10-12-2007, 10:32 AM
You're very welcome.
That is great Melissa that you are on your way to feeling better. Here is to Plaquenil..cheers. :drinking:
Are you a vegan or a vegetarian?
Perricone has a anti-inflammatory book out there. There is the Omega Diet. The Zone. Both anti-inflammatory. All highly recommended. They all contain fish, chicken, beans as a source of protein and dairy, eggs too.
Those are classified as weight loss books, but I am sure you can modify them by adding calories, in larger portions, or more frequent recommended snacks. Or just to get ideas what are actually anti-inflammatory foods. Rule of thumb, bright colors fruit and vegetables, salmon, sardines, olive oil, canola oil, nuts, flaxseed ground, avocados, oats...
Raw foods can be hard on the system, especially if you have issues with the digestive track, upper or lower.
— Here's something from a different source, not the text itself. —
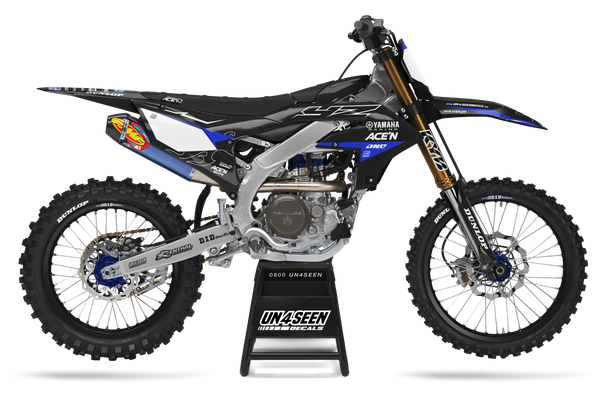 Yamaha Movin Black Graphic Kit - YZ YZF WR TTR PW Models | All Years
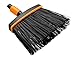 Price comparison product image Fiskars QuikFit Sweeping Broom, broom head, Width: 26 cm, Synthetic bristles, Black/Orange, 1001415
Do you steam, poach, grill?
So, there ya have at..hope it puts you in the right direction.
10-12-2007, 10:40 AM
How are you doing today?
I read alot, from books..listen and learn from others, my Mum taught me alot about self care, being a woman and my personal experience. The more I read, the older I get, I realize how little I really know. Gosh, there is so much out there to learn.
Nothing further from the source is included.